Le tournoi était terminé, pour le plus grand bonheur de Ramis. Lorsqu'il entra dans sa vaste chambre, il desserra sa cravate rouge incarnat, et la rangea dans son placard en vitre fumée. Bouleversé, il ouvrit sa fenêtre et laissa les frais vents d'altitude s'engouffrer dans sa chambre. Il ferma les yeux pour mieux apprécier le doux zéphyr qui lui caressait le visage et ébouriffait sa chevelure blond cacao. 

Bon sang, il n'aurait jamais cru manger à nouveau un pareil Moussaka. C'était presque irréel, presque fantasmagorique. Un tourbillon violent de souvenirs l'avait assailli, exactement au moment où la bouchée avait traversé ses lèvres. Il sentait encore le nappage épicé dégouliner en lui. La viande frite qui fondait dans sa bouche. L'odeur fraiche des aubergines l'avait imprégné de haut en bas. 

S'il avait admis Kalen dans le Smaken en tant que commis de cuisine, c'était uniquement au nom de ce Moussaka. Il avait tant besoin de cette recette. Elle lui rappelait un passé qu'il avait voulu enterrer, mais qu'il n'était pas plus triste d'avoir déterré...

Jéricho qui l'avait suivi, resta sur le seuil de la porte, la veine sur son cou battant rageusement. Mais Ramis l'ignora.il se débarassa de sa chemise, que le vent tenta d'extirper de sa main.
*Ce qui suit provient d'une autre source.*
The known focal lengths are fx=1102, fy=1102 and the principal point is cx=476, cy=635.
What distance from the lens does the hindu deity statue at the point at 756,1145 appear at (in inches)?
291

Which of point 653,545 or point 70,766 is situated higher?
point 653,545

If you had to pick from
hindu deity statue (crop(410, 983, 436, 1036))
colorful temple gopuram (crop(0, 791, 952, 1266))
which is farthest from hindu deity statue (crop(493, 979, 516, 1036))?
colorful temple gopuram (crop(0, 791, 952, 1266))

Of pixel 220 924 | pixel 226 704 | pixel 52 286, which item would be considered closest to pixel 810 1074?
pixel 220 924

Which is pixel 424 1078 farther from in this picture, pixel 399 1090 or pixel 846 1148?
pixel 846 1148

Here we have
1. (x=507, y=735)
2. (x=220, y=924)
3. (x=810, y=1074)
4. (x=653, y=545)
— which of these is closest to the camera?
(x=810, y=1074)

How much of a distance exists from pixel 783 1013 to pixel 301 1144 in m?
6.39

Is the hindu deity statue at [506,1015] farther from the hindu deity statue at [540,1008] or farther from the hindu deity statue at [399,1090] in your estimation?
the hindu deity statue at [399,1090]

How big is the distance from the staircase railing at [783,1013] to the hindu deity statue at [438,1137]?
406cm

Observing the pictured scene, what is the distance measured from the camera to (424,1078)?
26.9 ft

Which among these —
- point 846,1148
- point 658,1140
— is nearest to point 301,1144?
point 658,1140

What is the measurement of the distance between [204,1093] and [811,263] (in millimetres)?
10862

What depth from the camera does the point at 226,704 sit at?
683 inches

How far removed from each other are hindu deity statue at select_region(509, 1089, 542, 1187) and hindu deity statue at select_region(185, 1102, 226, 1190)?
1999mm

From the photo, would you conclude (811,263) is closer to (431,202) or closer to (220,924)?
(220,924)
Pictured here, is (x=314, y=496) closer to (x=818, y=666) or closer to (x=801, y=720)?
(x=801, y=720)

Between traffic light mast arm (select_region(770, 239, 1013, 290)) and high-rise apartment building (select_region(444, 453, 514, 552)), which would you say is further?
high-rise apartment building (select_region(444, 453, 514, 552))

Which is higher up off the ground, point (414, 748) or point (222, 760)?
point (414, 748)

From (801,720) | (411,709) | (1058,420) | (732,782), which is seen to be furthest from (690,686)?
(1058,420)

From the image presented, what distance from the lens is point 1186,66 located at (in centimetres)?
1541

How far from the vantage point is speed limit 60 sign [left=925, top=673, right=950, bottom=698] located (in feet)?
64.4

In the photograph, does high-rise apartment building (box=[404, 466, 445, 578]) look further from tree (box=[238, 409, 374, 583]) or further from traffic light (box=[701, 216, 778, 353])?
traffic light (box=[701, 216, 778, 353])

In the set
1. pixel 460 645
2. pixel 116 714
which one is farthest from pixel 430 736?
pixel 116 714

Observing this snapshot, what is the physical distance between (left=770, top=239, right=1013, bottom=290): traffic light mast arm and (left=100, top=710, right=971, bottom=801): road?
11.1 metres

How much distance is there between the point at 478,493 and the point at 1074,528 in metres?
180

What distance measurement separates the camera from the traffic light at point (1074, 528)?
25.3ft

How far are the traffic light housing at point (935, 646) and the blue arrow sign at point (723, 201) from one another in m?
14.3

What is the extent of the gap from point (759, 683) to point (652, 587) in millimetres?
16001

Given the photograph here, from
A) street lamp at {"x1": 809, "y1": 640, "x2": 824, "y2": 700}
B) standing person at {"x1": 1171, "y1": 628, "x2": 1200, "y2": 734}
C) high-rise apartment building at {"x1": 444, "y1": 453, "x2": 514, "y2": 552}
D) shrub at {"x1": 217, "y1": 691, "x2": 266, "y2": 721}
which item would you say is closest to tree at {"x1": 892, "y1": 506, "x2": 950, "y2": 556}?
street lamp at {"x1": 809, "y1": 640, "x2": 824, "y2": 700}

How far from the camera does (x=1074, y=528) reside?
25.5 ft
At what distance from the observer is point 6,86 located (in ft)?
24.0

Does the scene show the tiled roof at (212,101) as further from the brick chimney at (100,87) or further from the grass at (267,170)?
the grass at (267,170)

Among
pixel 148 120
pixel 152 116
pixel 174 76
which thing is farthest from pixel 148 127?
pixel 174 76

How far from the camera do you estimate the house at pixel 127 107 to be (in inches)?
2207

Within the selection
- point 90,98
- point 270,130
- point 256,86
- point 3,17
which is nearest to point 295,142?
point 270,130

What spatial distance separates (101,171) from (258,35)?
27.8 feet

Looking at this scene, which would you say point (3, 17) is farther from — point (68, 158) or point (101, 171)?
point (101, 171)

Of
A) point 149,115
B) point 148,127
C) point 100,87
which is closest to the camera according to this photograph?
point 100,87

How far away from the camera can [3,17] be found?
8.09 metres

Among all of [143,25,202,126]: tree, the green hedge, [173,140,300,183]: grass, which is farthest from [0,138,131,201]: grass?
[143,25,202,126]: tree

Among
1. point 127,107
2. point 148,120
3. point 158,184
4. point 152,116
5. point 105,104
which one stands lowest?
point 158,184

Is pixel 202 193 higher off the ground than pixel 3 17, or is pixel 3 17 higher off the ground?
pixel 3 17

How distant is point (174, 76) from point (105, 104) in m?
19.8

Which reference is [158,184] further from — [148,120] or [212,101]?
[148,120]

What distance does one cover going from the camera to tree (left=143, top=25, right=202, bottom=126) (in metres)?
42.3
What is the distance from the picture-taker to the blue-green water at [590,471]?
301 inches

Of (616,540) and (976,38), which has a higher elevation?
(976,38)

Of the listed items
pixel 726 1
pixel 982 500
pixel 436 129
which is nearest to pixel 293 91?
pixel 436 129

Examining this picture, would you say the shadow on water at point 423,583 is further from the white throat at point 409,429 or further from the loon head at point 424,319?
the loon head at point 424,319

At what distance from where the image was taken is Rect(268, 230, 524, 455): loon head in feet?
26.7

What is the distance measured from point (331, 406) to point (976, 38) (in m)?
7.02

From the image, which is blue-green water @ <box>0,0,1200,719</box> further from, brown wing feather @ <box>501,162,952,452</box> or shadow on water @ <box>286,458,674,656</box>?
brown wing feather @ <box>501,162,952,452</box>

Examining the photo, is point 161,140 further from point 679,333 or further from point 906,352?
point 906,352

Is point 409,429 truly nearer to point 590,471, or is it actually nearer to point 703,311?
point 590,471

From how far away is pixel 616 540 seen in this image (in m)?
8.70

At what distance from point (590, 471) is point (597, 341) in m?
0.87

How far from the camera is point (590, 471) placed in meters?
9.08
Les voiles blancs transparents étaient malmenés de tous les côtés, tandis que quelques rayons de soleil parvenaient à transpercer l'amas de nuages ténébreux. Ramis commanda du thé au jasmin à travers l'interphone, et s'installa à son bureau en bois d'ébène poli.

— Tu comptes t'asseoir et boire du thé au jasmin avec moi ou rester là, planté à l'entrée de ma chambre ?

Résigné, le vieil homme ferma la porte derrière lui, et se laissa tomber sur le sofa blanc de la pièce, juste près de la fenêtre. Ainsi, il n'était pas mitraillé par les rafales froides. Pendant un instant, son regard s'attarda sur l'immense portrait accroché sur le mur principal, juste à côté du miroir au cadrage doré. 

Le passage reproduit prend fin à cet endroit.